Announcing Bitwise - panic
https://github.com/pervognsen/bitwise
======
tomxor
> My goal with Bitwise is to show that these things can be done much more
> simply and quickly than people realize if we strongly favor simplicity over
> marginal gains in feature completeness or performance.

This is a refreshing way of looking at the world. One of my principles is to
always strive for simplicity when creating, but i've never given much thought
about how it applies to the fundamentals of existing creations or ideas when
learning.

In retrospect, I've learned many thing that I previously thought too complex
to understand.

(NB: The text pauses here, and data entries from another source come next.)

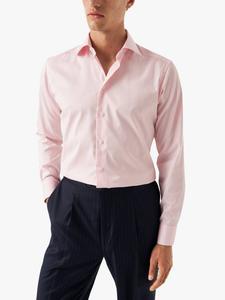 Хлопковая рубашка Slim Fit из твила Eton, Pink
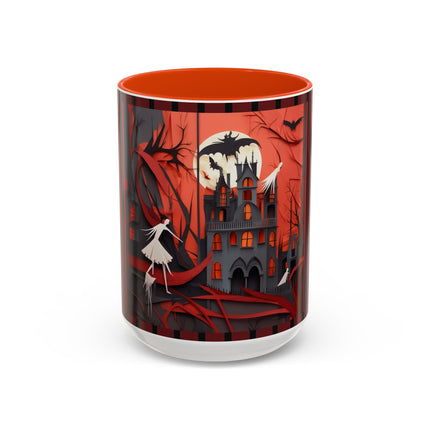Halloween Night Scene Colorful Mugs (11oz, 15oz)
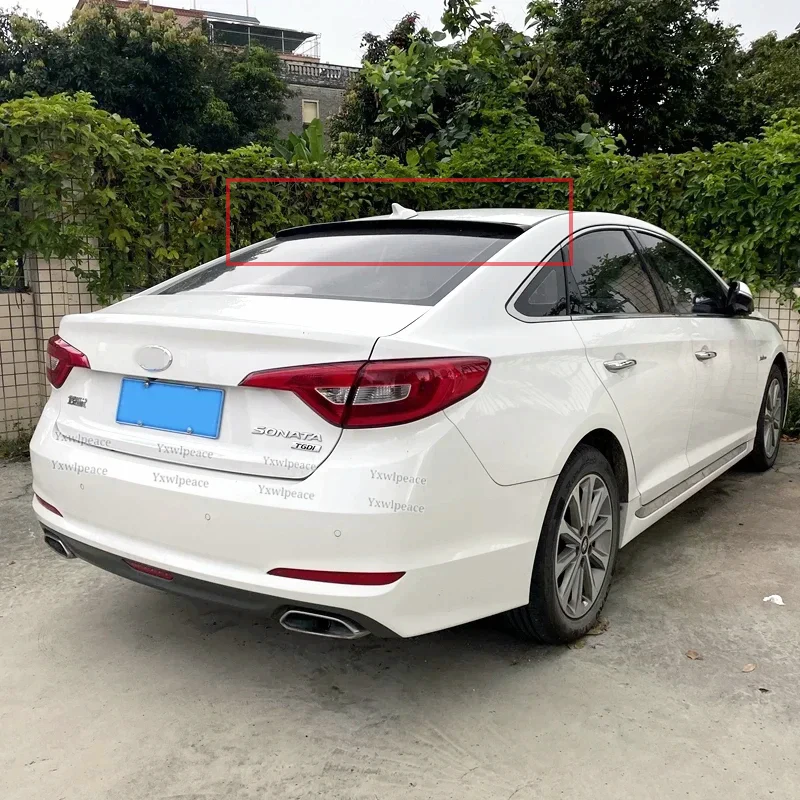 

For Hyundai Sonata 9 Spoiler 2015-2019 ABS Plastic Primer Color Rear Window Roof Spoiler Wing Body Kit Accessories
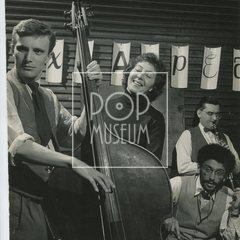 Accord Klub v Redutě, 1956: Jiří Suchý, Ljuba Hermanová, Waldemar Matuška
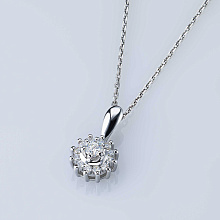 Подвеска из серебра c бриллиантами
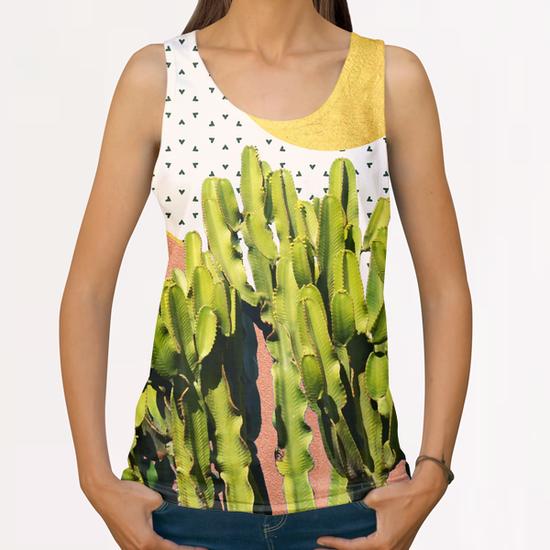 Cactus Dream All Over Print Tanks by Uma Gokhale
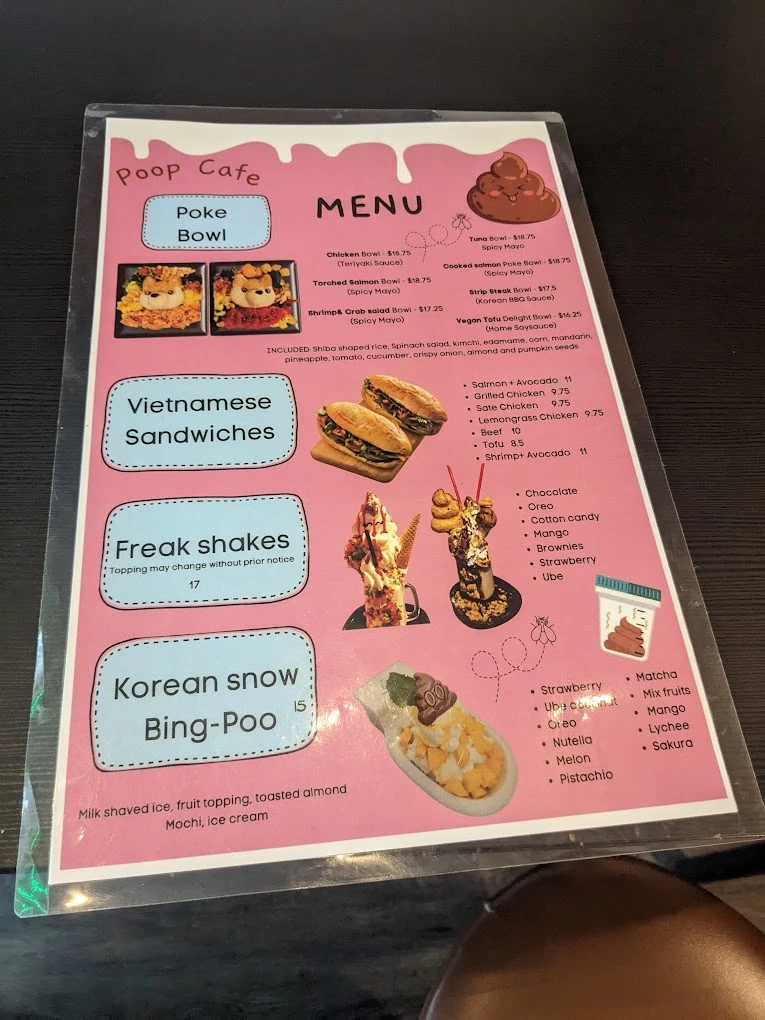 Poop Café menu 7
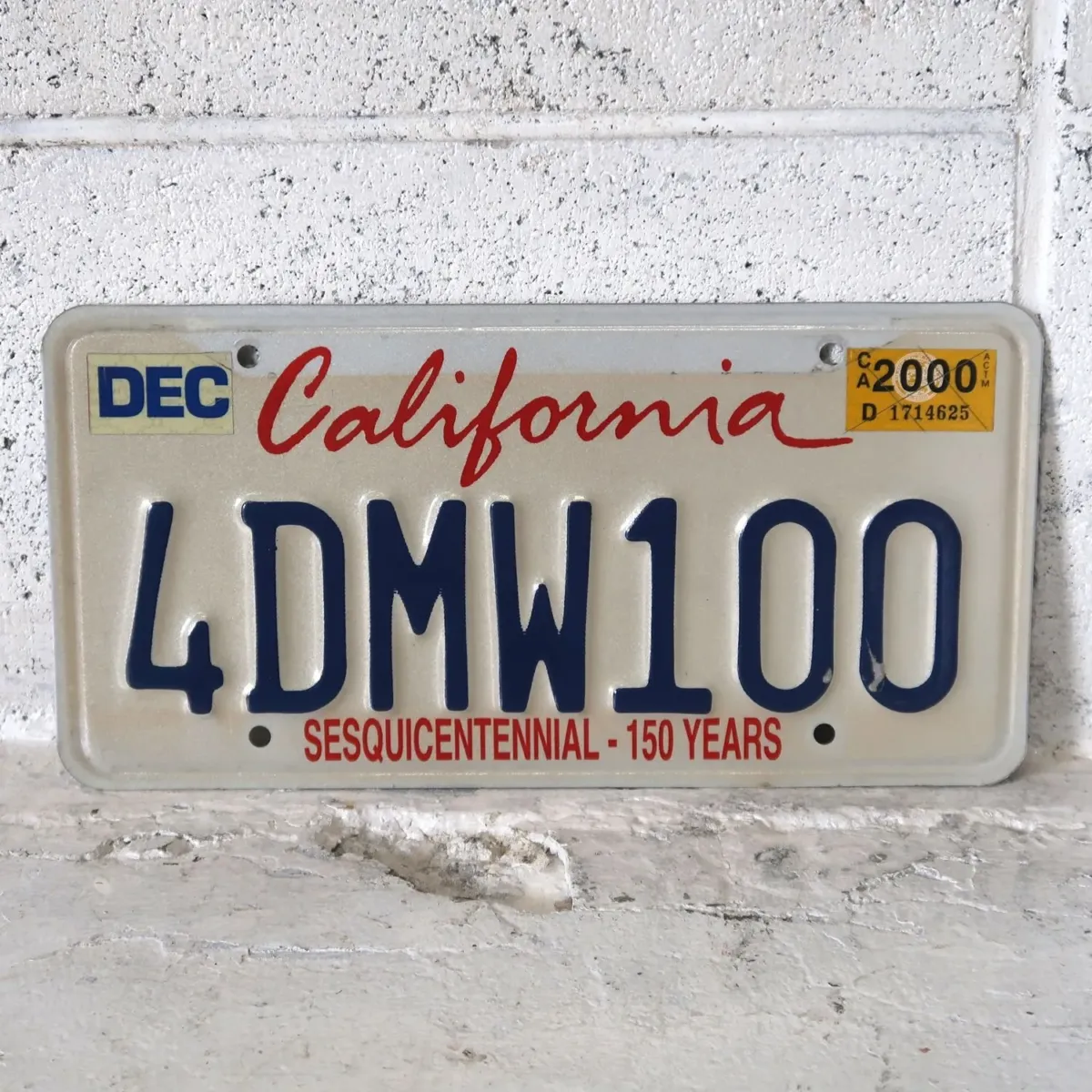 CALIFORNIA USED ナンバープレート ペア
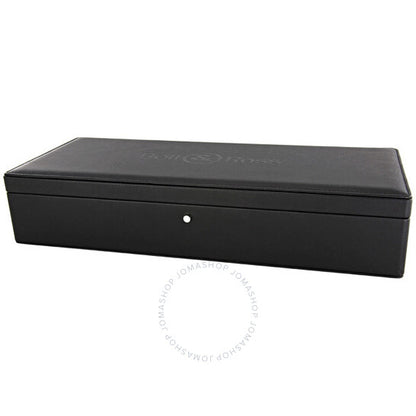 ساعة بيل آند روس كرونوغراف للرجال بمينا أسود وسوار من الجلد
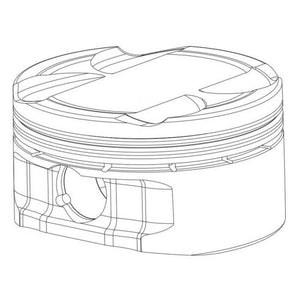 CP Piston 17-20 Yamaha Sidewinder Arctic Cat 9000 998cc - Bore (80mm) - Size (Standard) - CR (9:1)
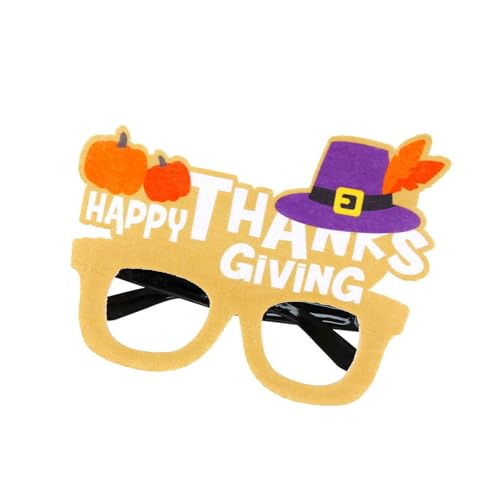 Thanksgiving-Brille, Türkei, Festival, dekorativer Rahmen für Kinder, Outdoor, Innenbereich, Feier, Dekoration, Türkei, Erntedankfest, Partyzubehör für Zuhause, Schule, Aktivität von FROMCEO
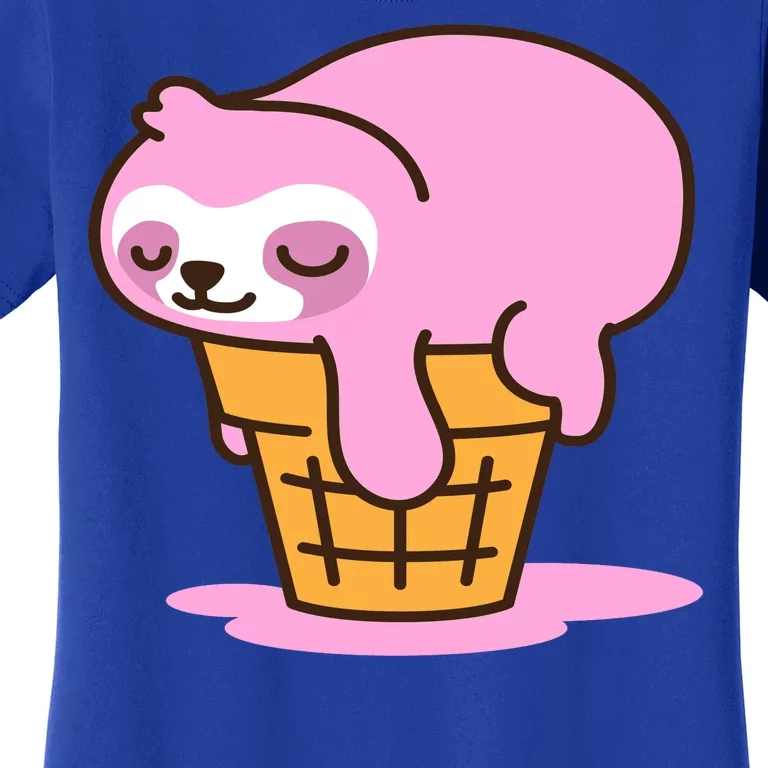 Ice Cream Sloth Cute Women's T-Shirt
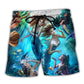 Mermaid Dolphin Ocean Beach Shorts For Seaside Travel And Flexible Everyday Wear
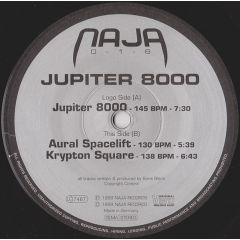 Jupiter 8000 - Jupiter 8000 - Jupiter 8000 / Aural Spacelift / Krypton Square - Naja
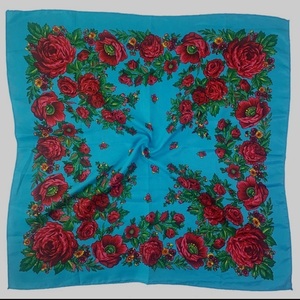 Bandanas carrés personnalisés, foulards faits à la main, accessoires pour cheveux pour femmes, respectueux de l'environnement, quatre saisons, vente en gros rapide - Product Image 3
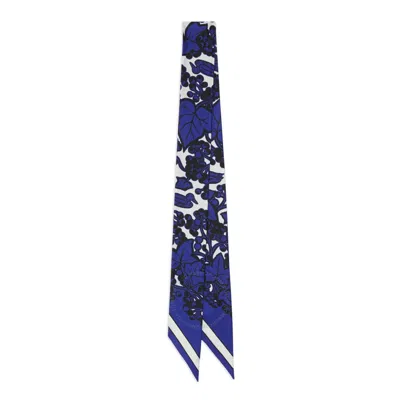 Burberry Ivy Floral-print Silk Scarf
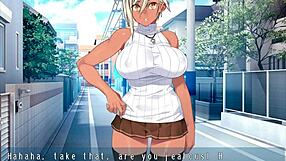 kanobitch explores the reason she became a slut in episode four of the anime hentai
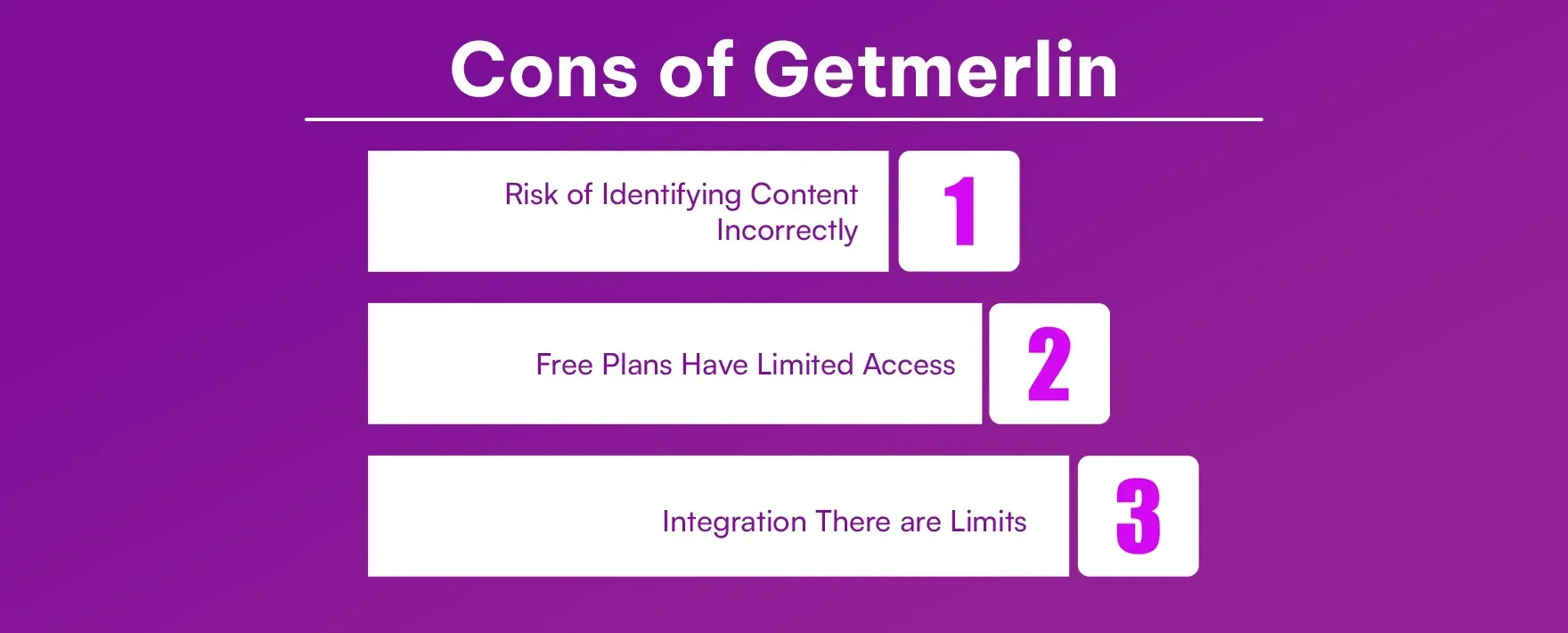 Cons of Getmerlin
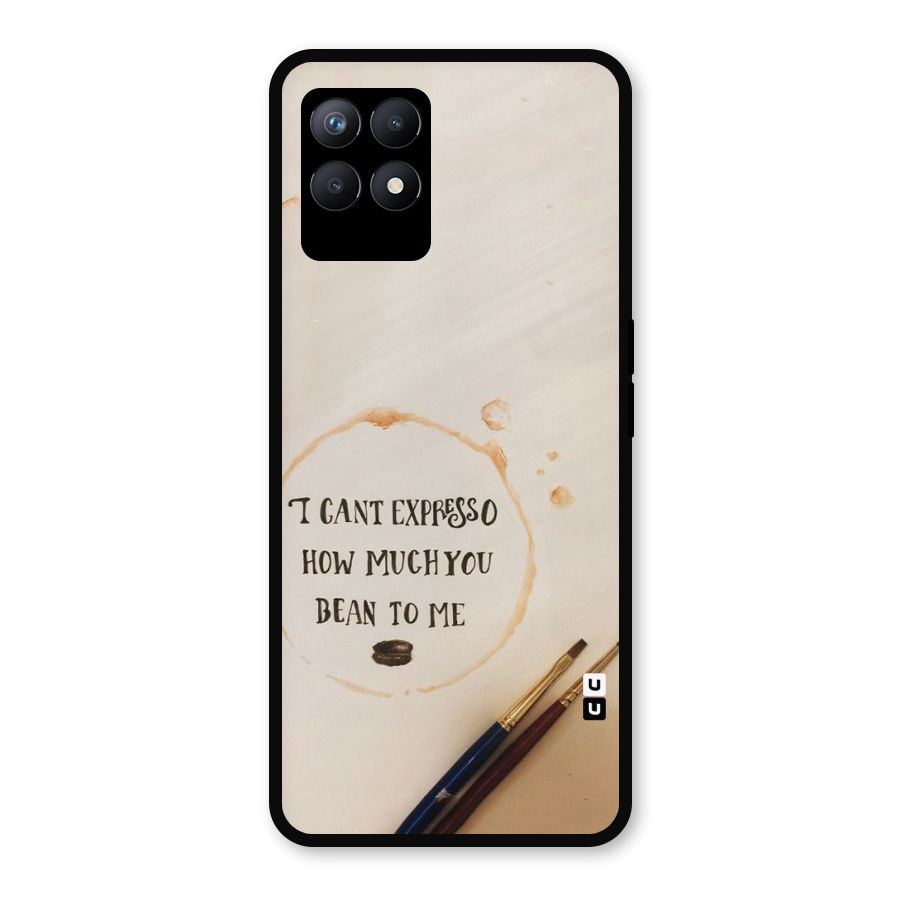 Espresso Bean Metal Back Case for Realme Narzo 50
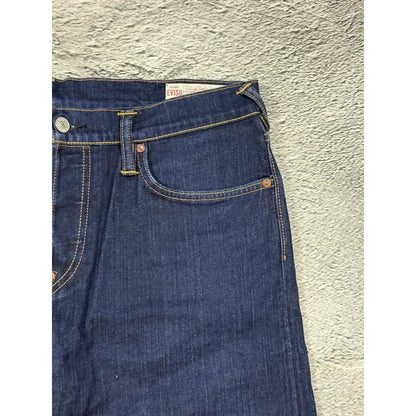 Evisu jeans daicock red big logo navy raw denim Selvedge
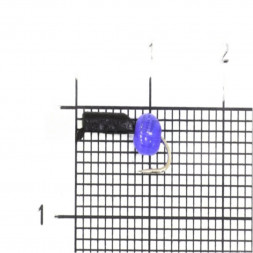 Мормышка вольфрамовая True Weight цена за 1 шт Гвоздешарик гв. d2.5 кош. глаз синий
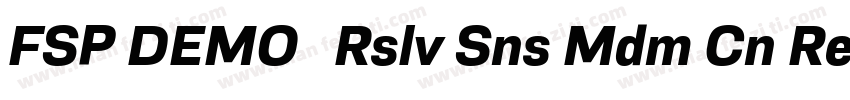 FSP DEMO   Rslv Sns Mdm Cn Regular字体转换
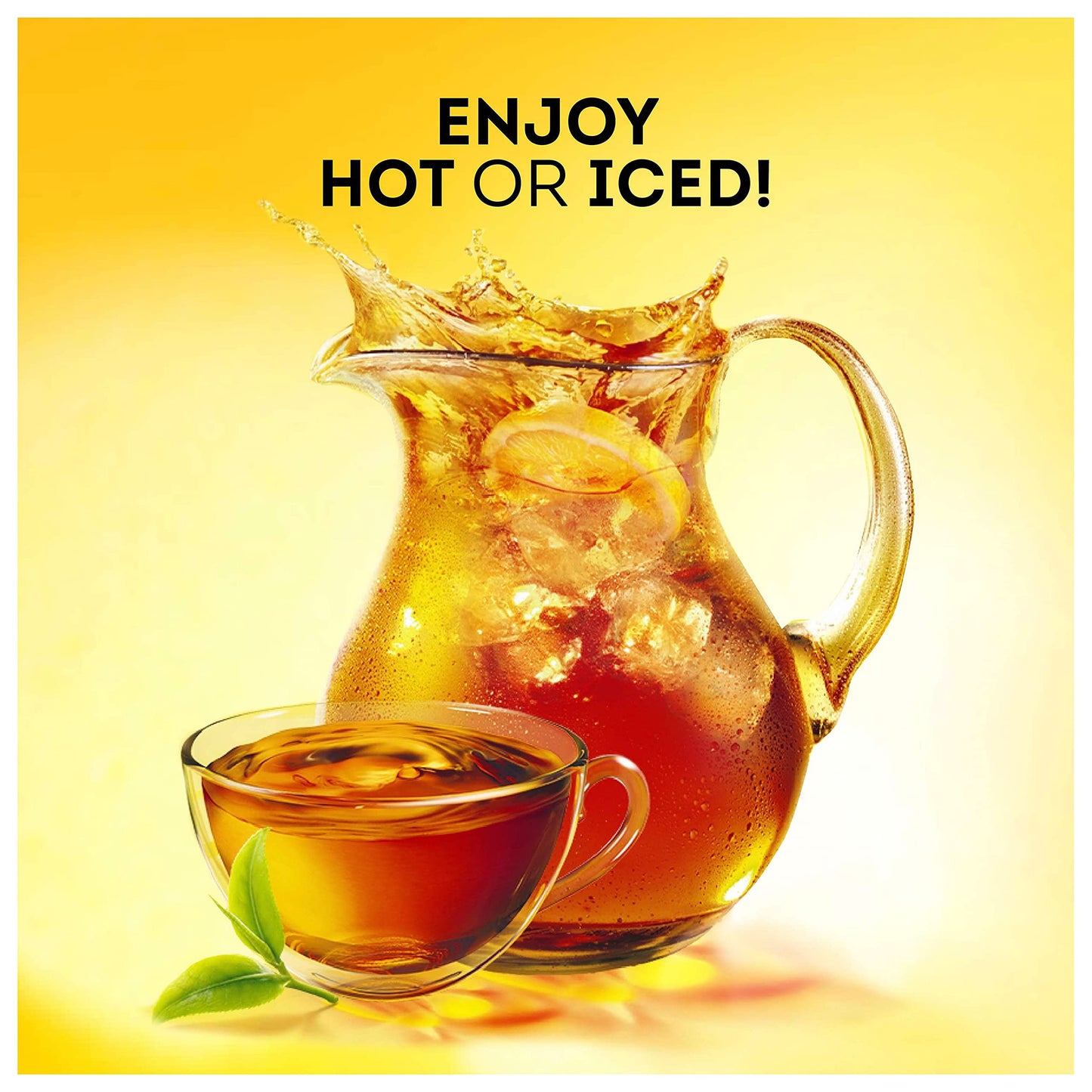 Lipton Tea Bags, Iced or Hot Black Tea, 50 Count (Pack of 12), Model 84154494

The complexities tend to dissolve when you realise they are
mostly just extra distractions emerging from the pressures of engineering the
thing... distractions that you probably find yourself inventing all over again
once you've assimilated the core idea.

------
zenojevski
My favorite "toys", by far, are those happy, cheerful, friendly
implementations of famous problems, that make for a fun but educative learning
experience.

It may not be as huge in scope, but allow me to plug my own initiative:

[https://www.latenightsnack.io](https://www.latenightsnack.io)

I set out to replicate the joy of reading through code listings in old
magazines, and present seemingly-complicated problems in a simple and concise
way.

Some of the problems I will approach in the future are text and image
compression, compilers, chains, http servers, and so on.

I would love if you had a look!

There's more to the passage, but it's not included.